I guess y'all must really like Grizzled Patriarch's prompts because not one of you chucklefucks challenged him this week. He takes the win in a race that wasn't even close. Well, that's not completely true. Crabrock wrote a story we all liked a lot but failed to observe the whole bit about not infringing upon copyright so he takes a very special Snowqueen's Icedragon Disqualification.

Nubile Hillock and docbeard wrote stories. That was nice. They included actual plots and motivated characters and that was nice, too. Honorable mentions for rising above mediocrity. On the other side is Screaming Idiot who was very brave for entering the dome. But bravery is often accompanied by stupidity. And he was very stupid. Our new babby takes a dishonorable mention for writing a blithering mess no one cared about. Let's try not to do that again, shall we?

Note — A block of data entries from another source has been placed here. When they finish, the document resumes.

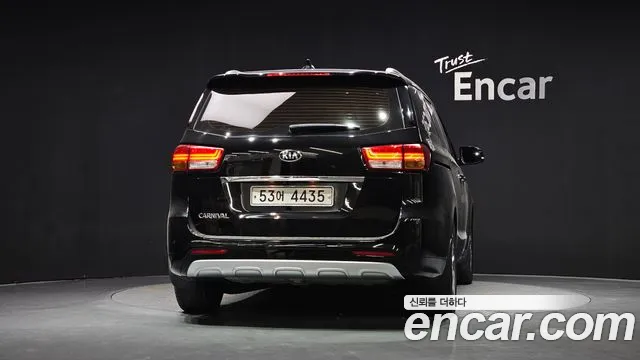 2015 Kia Canival Gasoline 9-seater Noblesse, photograph 3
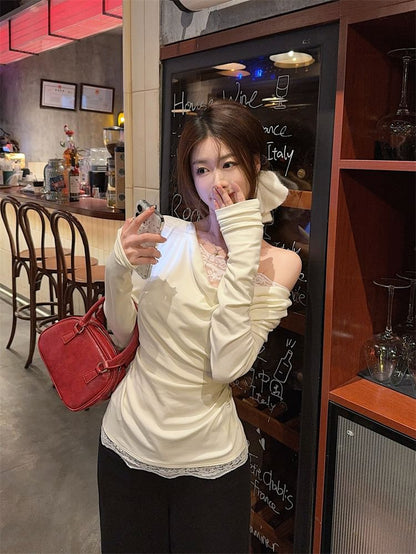 Slim-Fit T-Shirt with Off-Shoulder Lace Panel and Ruched Long Sleeves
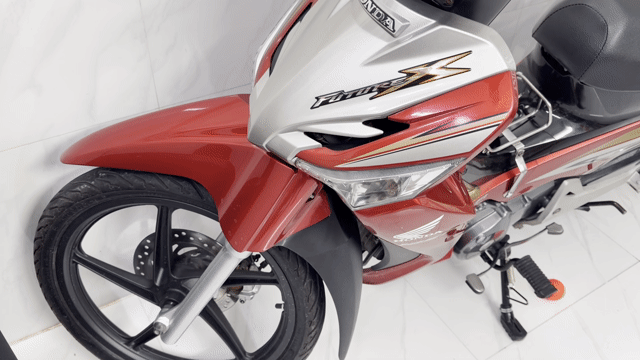 Honda Future X Đỏ bạc. Mua bán Xe máy tại Quận 8 Tp Hồ Chí Minh được đăng bởi Gia Hào hình 1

Jitzu_the_Monk. Benny the Snake. You two are infuriating peas in an idiotic pod. You get to share the loser cap together. Jitzu because you did a legitimately poor job and Benny because also wrote a poo poo story and also ROSA loving FLORES ARE YOU GOD drat KIDDING ME JESUS I JUST TOLD YOU LAST WEEK STOP NAMING YOUR loving CHARACTERS ROSA FLORES GOD YOU ARE A PIECE OF poo poo okay I'm done but seriously gently caress you. Only one person can get the losertar though so you guys have until Christmas to write me a story about a good dog and how much it loves me. Me personally. You have six hundred and sixty six words.

Grizzled Patriarch, I kept the throne warm for ya.


Jan 27, 2006

I'm against battling to avoid the losertar. I concede to Benny. Hit me with it.